Entries below include pictures. Output exactly the lines from the one with "20110613_07.jpg" down to the one with "Футляр Stenk Sportage", both ends included, and leave the pictures out.

* * *

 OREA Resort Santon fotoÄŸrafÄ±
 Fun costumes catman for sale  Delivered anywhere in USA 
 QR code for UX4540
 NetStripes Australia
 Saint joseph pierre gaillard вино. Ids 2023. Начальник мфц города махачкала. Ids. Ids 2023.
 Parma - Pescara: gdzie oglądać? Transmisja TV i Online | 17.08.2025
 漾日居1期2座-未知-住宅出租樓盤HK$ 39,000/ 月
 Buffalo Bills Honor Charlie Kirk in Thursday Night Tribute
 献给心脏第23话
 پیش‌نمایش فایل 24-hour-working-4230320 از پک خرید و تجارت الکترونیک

* * *

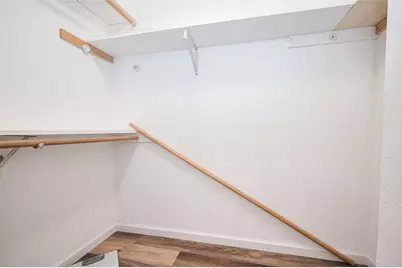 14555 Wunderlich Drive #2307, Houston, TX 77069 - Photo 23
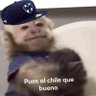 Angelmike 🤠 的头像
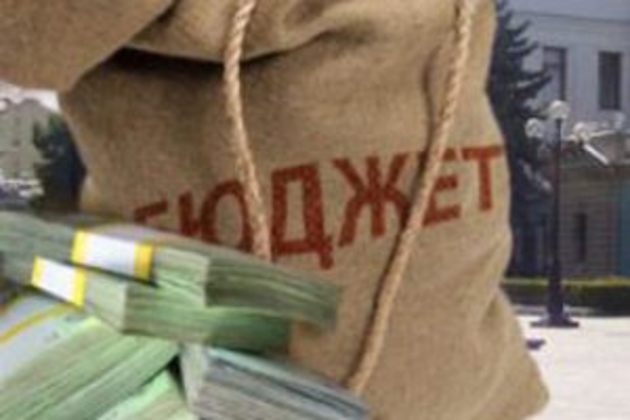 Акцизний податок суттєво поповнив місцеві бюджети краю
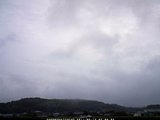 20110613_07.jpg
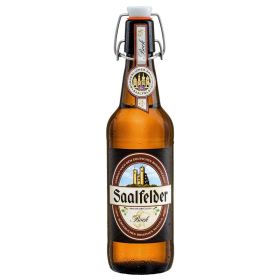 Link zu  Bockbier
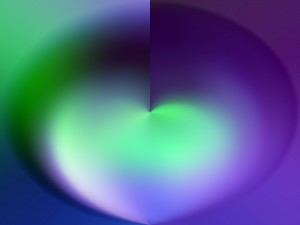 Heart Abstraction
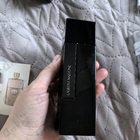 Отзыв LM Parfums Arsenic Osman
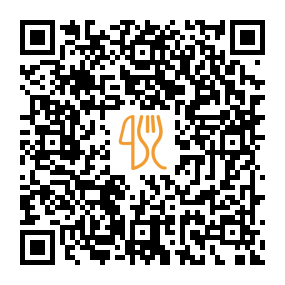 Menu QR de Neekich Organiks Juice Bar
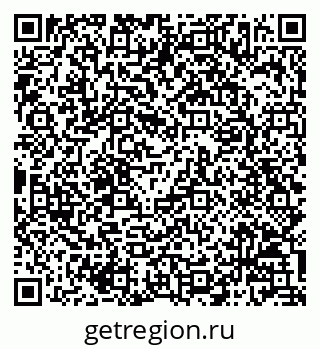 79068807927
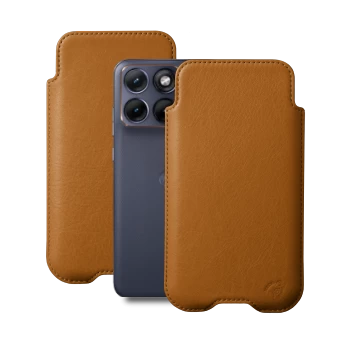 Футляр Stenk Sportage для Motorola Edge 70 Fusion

* * *

_WRITTEN SOLUTION:_
 20110613_07.jpg
 Link zu  Bockbier
 Heart Abstraction
 Отзыв LM Parfums Arsenic Osman
 Menu QR de Neekich Organiks Juice Bar
 79068807927
 Футляр Stenk Sportage для Motorola Edge 70 Fusion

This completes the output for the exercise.